The undersigned finds that the ALJ properly evaluated Plaintiff's complaints in accordance with the regulations and offered persuasive reasons for finding Plaintiff not credible. Specifically, the ALJ noted that Plaintiff was able to perform household repairs, cook meals on occasion, shop for food and gifts on a weekly basis, leave his home three to four 4 times a week to go to appointments, go to lunch, and perform errands. (Tr. 1617, Ex B1A). Plaintiff also gardened. (Id.) Although Plaintiff disputes the ALJ's consideration of his daily activities from his prior application, (Doc. 8 at 7-8); the ALJ properly considered record evidence showing Plaintiff's ability to be active during the period in which he was allegedly disabled from all work activity. Additionally, the ALJ acknowledged Plaintiff's reports of pain, but pointed to inconsistencies in the record that detracted from Plaintiff's credibility. (Tr. 17). For example, the ALJ pointed out that Plaintiff claimed debilitating pain during the relevant period, but took only Ibuprofen to treat his pain. See Blacha v. Sec'y of Health & Human Servs., 927 F.2d 228, 231 (6th Cir. 1990) (ALJ may consider inconsistent statements in assessing claimant's credibility). The ALJ's credibility finding can be upset only if there is "compelling" evidence to the contrary. Casey, 987 F.2d at 1234. Here, the ALJ's wellreasoned decision should not be disturbed. See Jones, 336 F.3d at 477 ("the Commissioner's decision cannot be overturned if substantial evidence, or even a preponderance of the evidence, supports the claimant's position, so long as substantial evidence also supports the conclusion reached by the ALJ."). As noted above, the issue is not whether the record could support a finding of
disability, but rather whether the ALJ's decision is supported by substantial evidence. See Casey v. Sec'y of Health & Human Servs., 987 F.2d 1230, 1233 (6th Cir. 1993). The ALJ properly evaluated Plaintiff's allegations in accordance with controlling law, and he reasonably concluded that they were not fully credible. The ALJ's credibility finding is entitled to deference and thus should be affirmed. See Jones v. Comm'r of Soc. Sec., 336 F.3d 469, 476 (6th Cir. 2003) ("Upon review, we are to accord the ALJ's determinations of credibility great weight and deference particularly since the ALJ has the opportunity, which we do not, of observing a witness's demeanor while testifying."). Accordingly, there is substantial evidence in the record supporting the ALJ's finding that Plaintiff's symptoms were not disabling. The ALJ clearly articulated his reasoning for the weight assigned to Plaintiffs allegations of pain, and the undersigned finds that the ALJ's decision to give little weight to Plaintiff's complaints of disabling pain is supported by substantial evidence. III. For the foregoing reasons, Plaintiff's assignments of error are without merit.
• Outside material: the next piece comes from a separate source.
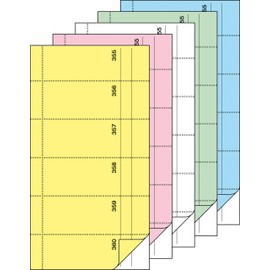Sigel BO082 Voucher Book 5x 360 Tickets 5 Colours Assorted with Blue Paper 105 x 200 mm 2 x 60 Sheets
The ALJ's decision is supported by substantial evidence and should be affirmed. IT IS THEREFORE RECOMMENDED THAT: The decision of the Commissioner, that Plaintiff was not entitled to a period of disability and disability income benefits from January 24, 1998 to March 31, 1999, be found SUPPORTED BY SUBSTANTIAL EVIDENCE, and AFFIRMED; and, as no further matters remain pending for the Court's review, this case be CLOSED.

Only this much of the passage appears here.